En esa disputa, en ese no encajar o encajar a tramos, de alguna manera se cifra la grieta de incomprensión a su alrededor. Porque lo mismo vende un millón de botines con su firma que en simultáneo cultiva una vida familiar cuya dinámica, en la medida de lo posible, se mantiene alejada del cotilleo y los designios de la prensa rosa.
En realidad, Messi puede desbordar deleite a mansalva porque también posee números para complacer a los acólitos de los hechos. Quizá ese sea un sino de los tiempos que corren: al normalizar lo sublime, Messi suspende el simulacro y, a la vez, lo alimenta. Sus vitrinas están colmadas de premios individuales y a nivel clubes ha ganado todo lo que puede ganarse. En la cancha combina la fantasía lúdica y tecnológica de la PlayStation, y la ubicuidad del player de otra época convencido de que antes que el jugador es la pelota la que debe correr.
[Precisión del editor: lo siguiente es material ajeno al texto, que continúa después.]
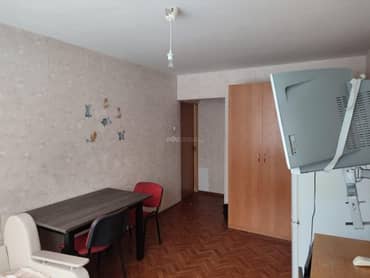 16/30 долей в праве общей долевой собственности на квартиру, что соответствует комнате № 6, площадью 16 кв.м. в квартире по адресу: г. Санкт-Петербург, ул. Пражская, д. 37, корп. 2, лит. А, кв.128, состоящей из 2-х комнат, общей площадью 44,5 кв.м., в том числе жилой площадью 30 кв.м., кадастровый номер 78:13:0007411:8555.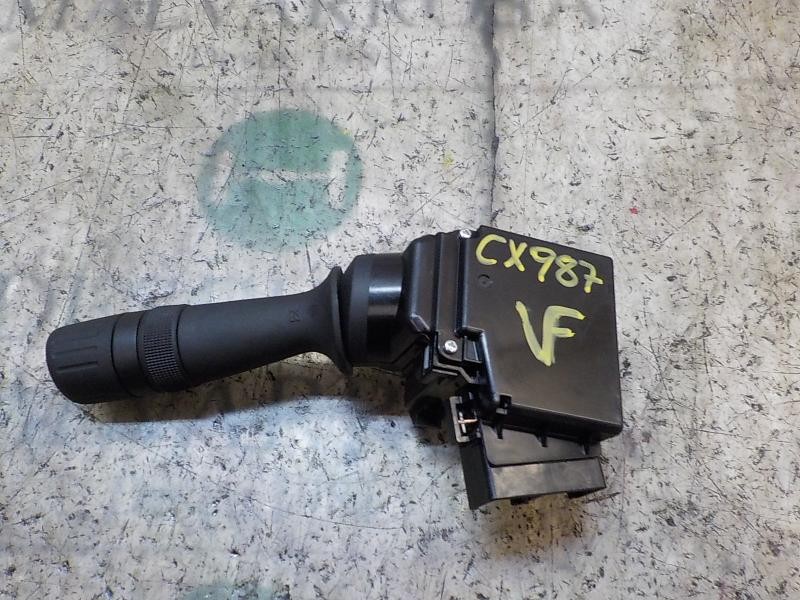 Recambio de mando limpia para toyota auris hybrid business referencia OEM IAM 8465202670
Su carrera despegó de forma meteórica para después mantenerse en el firmamento. Hombre de un solo club y emblema de una única ciudad, su rostro aparece reproducido por doquier y las camisetas con su nombre se venden en casi cualquier lugar del mundo.
La pregunta es si acaso en este futbol desterritorializado, de giras en Asia, petrodólares y patrocinios millonarios en el que subrayar lo local es una manera de posicionar una marca en el globo, es posible permanecer en un solo lugar. El nacionalismo ocasional de la fecha FIFA y los torneos de verano ha sido permutado por un tenedor libre de trasnacionales que no dejan un solo día de la semana sin copar las pantallas. Y Messi es la cara de esta presencia exhaustiva que no deja de parecer artificial o, al menos, poco profunda, fraccionada al infinito, desmenuzada en todos los resquicios de la realidad. Una imagen digital liberada de su propio cuerpo.
Es difícil saber cómo será valorado en el futuro porque desde ahora carece de cierta dimensión legendaria. También es difícil imaginar al equipo sin él. El Barça es ‘más que un club’ y Messi es más que un jugador
Juan Villoro
“Como todos los genios, Messi es irrepetible e indescifrable. A diferencia de talentos que permanecen ignorados por mucho tiempo, desde la infancia ha ejercido sus prodigios en la luz pública sin que se le puedan poner objeciones. Es difícil saber cómo será valorado en el futuro porque desde ahora carece de cierta dimensión legendaria. También es difícil imaginar al equipo sin él. El Barça es ‘más que un club’ y Messi es más que un jugador”, me contesta Villoro cuando le pregunto sus pronósticos de posteridad.
Entonces pienso en los instantes que Lionel Andrés Messi Cuccittini nos ha regalado. Son copiosos, diversos, bellos. Lo sé. Se trata, quizá, del pelotero más sublime que ha dado este deporte. Y, sin embargo, no consigo recrearlos de memoria ni tampoco recordar el tono que los enuncia. Es otra voz, lejana. Una que, quizá, no encontrará otro eco en el tiempo.